Promptly after written notice from Buyer of the termination of the
Repurchase Agreement and payment in full of all amounts owing to Buyer
thereunder, Custodian shall deliver all documents remaining in the Asset Files
to the applicable Sellers, and, except as otherwise set forth herein, this
Custodial Agreement shall thereupon terminate.
SECTION 16. NOTICES.
All demands, notices and communications hereunder shall be in writing
(including without limitation by Electronic Transmission, email or telecopy) and
shall be deemed to have been duly given when received by the recipient party at
the address shown on its signature page hereto, or at such other addresses as
may hereafter be furnished to each of the other parties by like notice. Any such
demand, notice or communication hereunder shall be deemed to have been received
on the date delivered to or received at the premises of the addressee. Each
party hereto hereby represents and warrants that its office is located at the
respective address set forth on its signature page hereto, and each such party
shall notify each other party hereto if such address should change.

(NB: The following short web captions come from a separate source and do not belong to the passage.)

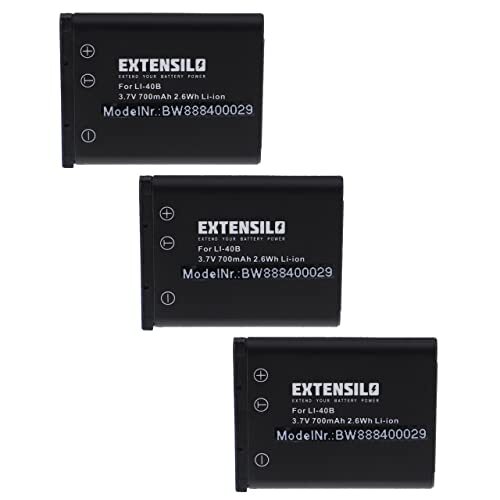 EXTENSILO 3X batterij compatibel met Kodak EasyShare M552, M550, M565, M575, M580, M577 camera (700mAh, 3,7V, Li-Ion)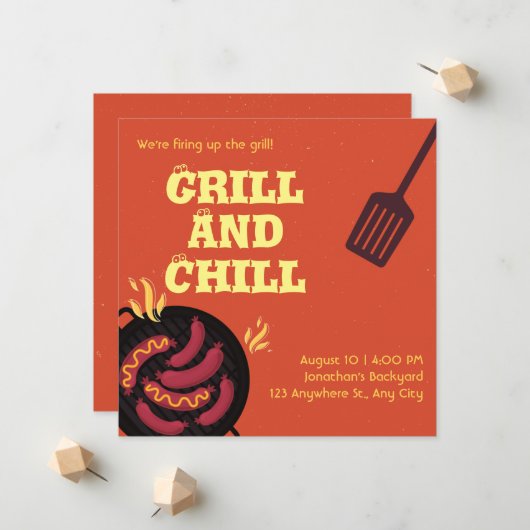 Uitnodiging en aankondiging van Grill en Chill (Voorkant / Achterkant in situ)
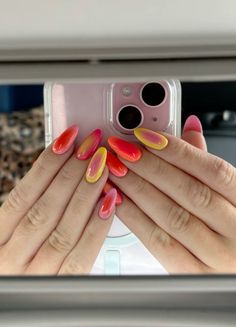 #auranails #nails #summernails #nailsofinstagram #nailsoftheday #acrylic #airbrush #acrylicnailsforsummer #acrylicnaildesigns #almondshapenails #gelnails #gelpolish #summervibes #nailart Nail Airbrush Designs, Summer Nail Inspiration Acrylic, Aura Nails Acrylic, Short Summer Nails, Acrylic Nails Designs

SECTION 17. GOVERNING LAW.
THIS AGREEMENT SHALL BE CONSTRUED IN ACCORDANCE WITH THE LAWS OF THE
STATE OF NEW YORK AND THE OBLIGATIONS, RIGHTS AND REMEDIES OF THE PARTIES
HEREUNDER SHALL BE DETERMINED IN ACCORDANCE WITH SUCH LAWS, WITHOUT GIVING
EFFECT TO PRINCIPLES OF CONFLICTS OF LAW.

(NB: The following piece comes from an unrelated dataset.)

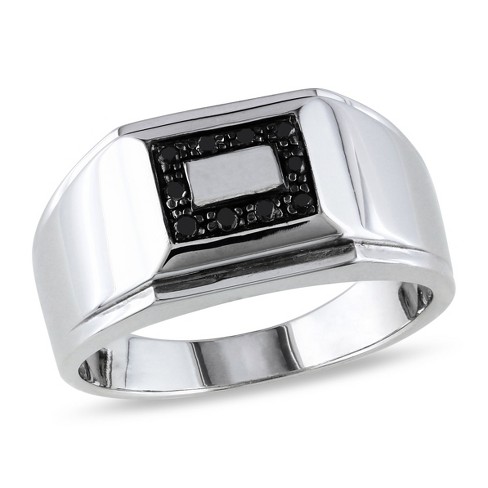 EVERLY JEWELRY | Sterling Silver Black Rhodium Plated 1/10 CT TW Mens Square Black Diamond Ring - image 1 of 4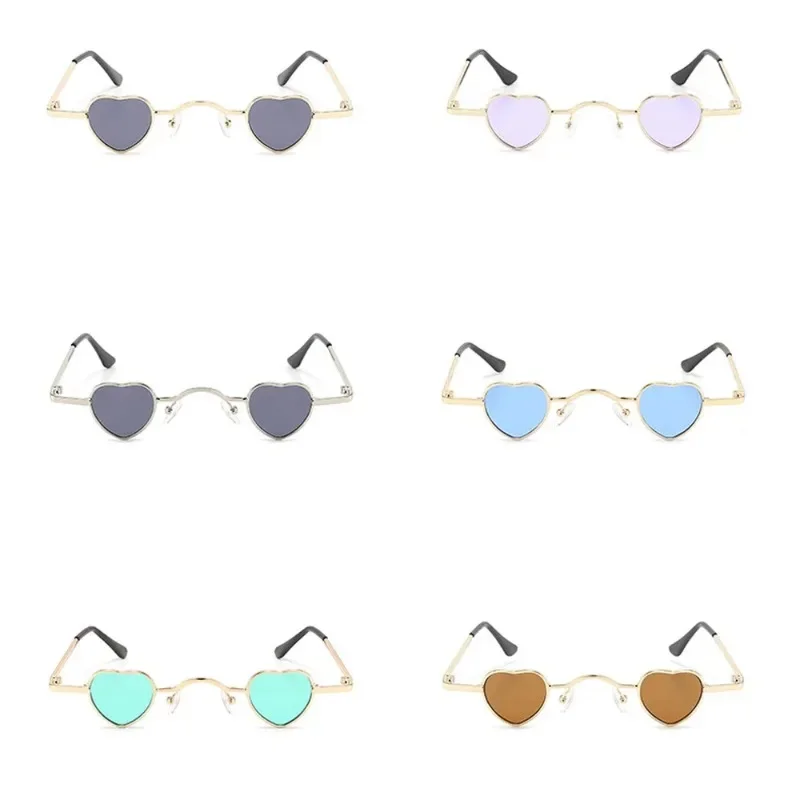 Metal Frame Eyewear Heart-Shaped Hip Hop Shades Uv400 Sun Glasses Metal Frame Heart Shaped Sunglasses For Fashion Shows Everyday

SECTION 18. AUTHORIZED REPRESENTATIVES.
Each individual designated as an authorized representative of Buyer or
its successors or assigns, Sellers, Disbursement Agent and Custodian,
respectively (an "Authorized Representative"), is authorized to give and receive
notices, requests and instructions and to deliver certificates and documents in
connection with this Custodial Agreement on behalf of Buyer, Sellers,
Disbursement Agent and Custodian, as the case may be, and the specimen signature
for each such Authorized Representative, initially authorized hereunder, is set
forth on Annexes 6, 7-A, 7-B, 8 and 9 hereof, respectively. From time to time,
Buyer, Sellers, Disbursement Agent and Custodian or their respective successors
or permitted assigns may, by delivering to the others a revised annex, change
the information previously given pursuant to this Section 18, but each of the
parties hereto shall be entitled to rely conclusively on the then current annex
until receipt of a superseding annex.
SECTION 19. AMENDMENT.
This Custodial Agreement may be amended from time to time by written
agreement signed by Sellers, Buyer, Custodian and Disbursement Agent.

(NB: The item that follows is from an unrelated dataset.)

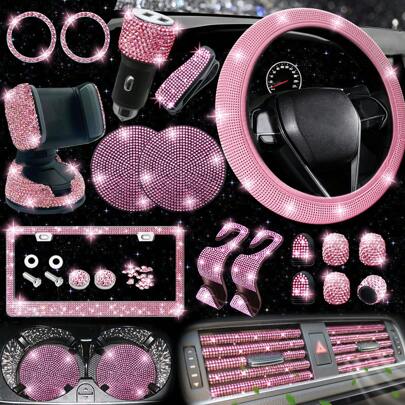 27pcs Bling Car Accessories Set For Women, Bling Steering Wheel Covers Universal Fit 15 Inch, Bling License Plate Frame, Phone Holder, Car Coasters,Car Women Accessories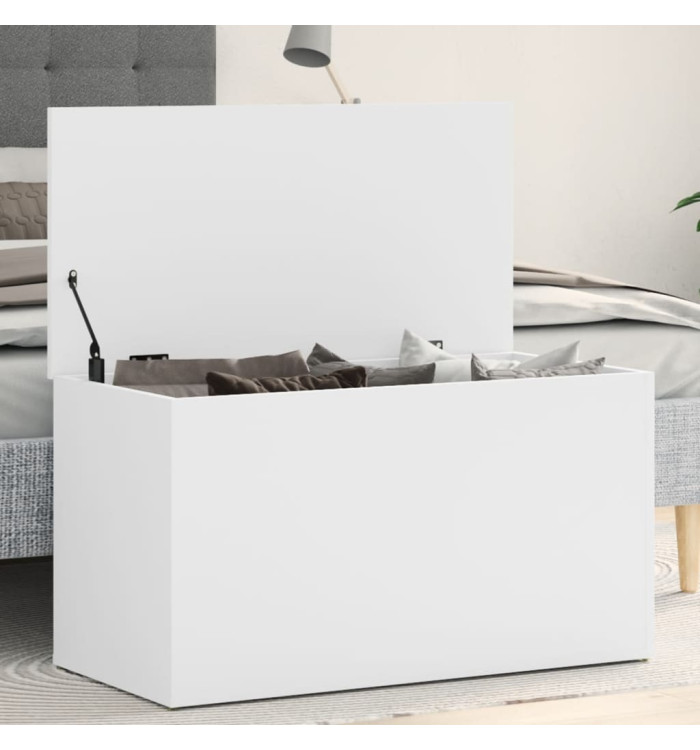 Coffre de rangement Blanc 84x42x46 cm Bois d'ingénierie | Mobilier & Déco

SECTION 20. CUMULATIVE RIGHTS.
The rights, powers and remedies of Custodian, Disbursement Agent and
Buyer under this Custodial Agreement shall be in addition to all rights, powers
and remedies given to Custodian, Disbursement Agent and Buyer by virtue of any
statute or rule of law, the Repurchase Agreement or any other agreement, all of
which rights, powers and remedies shall be cumulative and may be exercised
successively or concurrently without impairing Buyer's interest in the Purchased
Assets. This Custodial Agreement shall inure to the benefit of the successors
and assigns of the parties hereto. Nothing in this Custodial Agreement shall be
construed to give any person or entity other than the parties hereto, and
-25-
their successors and assigns, any legal or equitable right, remedy or claim
under this Custodial Agreement.
SECTION 21. ASSIGNMENT; BINDING UPON SUCCESSORS.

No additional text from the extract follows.